Do we have a constructor pattern with a view pattern inside it? Or do we have 
an expression with a required visible type application and a function type? 
(This last bit will be possible only with visible dependent quantification in 
terms, but I'm confident that Vlad will appreciate the example.) We'll need 
nested backtracking to sort this disaster out -- especially if we have another 
`do` in the ...

What I'm trying to say here is that tracking the backtracking level in types 
doesn't seem like it will fly (tempting though it may be).

Richard

> On Oct 9, 2018, at 7:08 AM, Vladislav Zavialov <vlad.z.4...@gmail.com> wrote:
> 
> It's a nice way to look at the problem, and we're facing the same
> issues as with insufficiently powerful type systems. LALR is the Go of
> parsing in this case :)
> 
> I'd rather write Python and have a larger test suite than deal with
> lack of generics in Go, if you allow me to take the analogy that far.
> 
> In fact, we do have a fair share of boilerplate in our current grammar
> due to lack of parametrisation.
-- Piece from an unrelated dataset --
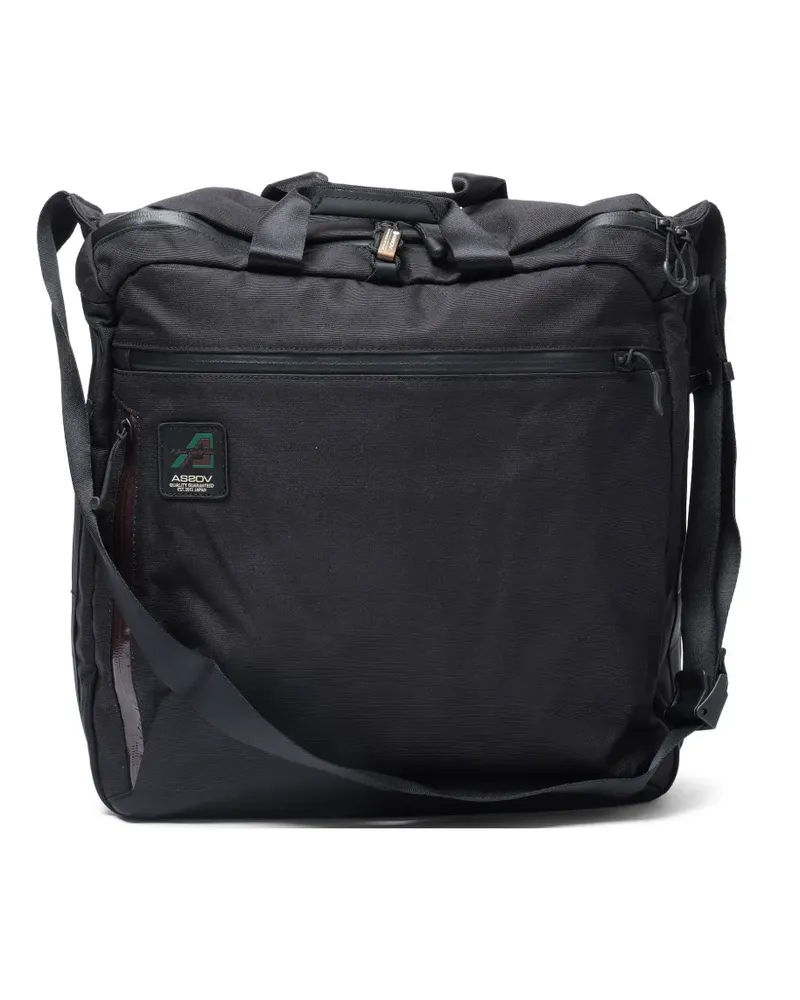 AS2OV Kleine Cordura Standard Series Tote Bag - Schwarz Schwarz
That's another issue that would be
> solved by parser combinators (or by a fancier parser generator, but
> I'm not aware of such one).
> 
> On Tue, Oct 9, 2018 at 1:52 PM Simon Peyton Jones <simo...@microsoft.com> 
> wrote:
>> 
>> We all love strong guarantees offered by type checking, but somehow most 
>> people shy away from "syntactic type checking" offered by parser generators. 
>> Parser combinators are the Python of parsing: Easy to use initially, but a 
>> maintenance hell in the long run for larger projects...
>> 
>> I’d never thought of it that way before – interesting.
>> 
>> 
>> 
>> Simon
>> 
>> 
>> 
>> From: ghc-devs <ghc-devs-boun...@haskell.org> On Behalf Of Sven Panne
>> Sent: 09 October 2018 08:23
>> To: vlad.z.4...@gmail.com
>> Cc: GHC developers <ghc-devs@haskell.org>
>> Subject: Re: Parser.y rewrite with parser combinators
>> 
>> 
>> 
>> Am Di., 9. Okt. 2018 um 00:25 Uhr schrieb Vladislav Zavialov 
>> <vlad.z.4...@gmail.com>:
>> 
>> [...] That's true regardless of implementation technique, parsers are rather
>> delicate.
>> 
>> 
>> 
>> I think it's not the parsers themselves which are delicate, it is the 
>> language that they should recognize.
>> 
>> 
>> 
>> A LALR-based parser generator does provide more information
>> when it detects shift/reduce and reduce/reduce conflicts, but I never
>> found this information useful. It was always quite the opposite of
>> being helpful - an indication that a LALR parser could not handle my
>> change and I had to look for workarounds. [...]
>> 
>> 
>> 
>> Not that this would help at this point, but: The conflicts reported by 
>> parser generators like Happy are *extremely* valuable, they hint at 
>> tricky/ambiguous points in the grammar, which in turn is a strong hint that 
>> the language you're trying to parse has dark corners. IMHO every language 
>> designer and e.g. everybody proposing a syntactic extension to GHC should 
>> try to fit this into a grammar for Happy *before* proposing that extension. 
>> If you get conflicts, it is a very strong hint that the language is hard to 
>> parse by *humans*, too, which is the most important thing to consider. 
>> Haskell already has tons of syntactic warts which can only be parsed by 
>> infinite lookahead, which is only a minor technical problem, but a major 
>> usablity problem. "Programs are meant to be read by humans and only 
>> incidentally for computers to execute." (D.E.K.) </rant> ;-)
>> 
>> 
>> 
>> The situation is a bit strange: We all love strong guarantees offered by 
>> type checking, but somehow most people shy away from "syntactic type 
>> checking" offered by parser generators. Parser combinators are the Python of 
>> parsing: Easy to use initially, but a maintenance hell in the long run for 
>> larger projects...
>> 
>> 
>> 
>> Cheers,
>> 
>>   S.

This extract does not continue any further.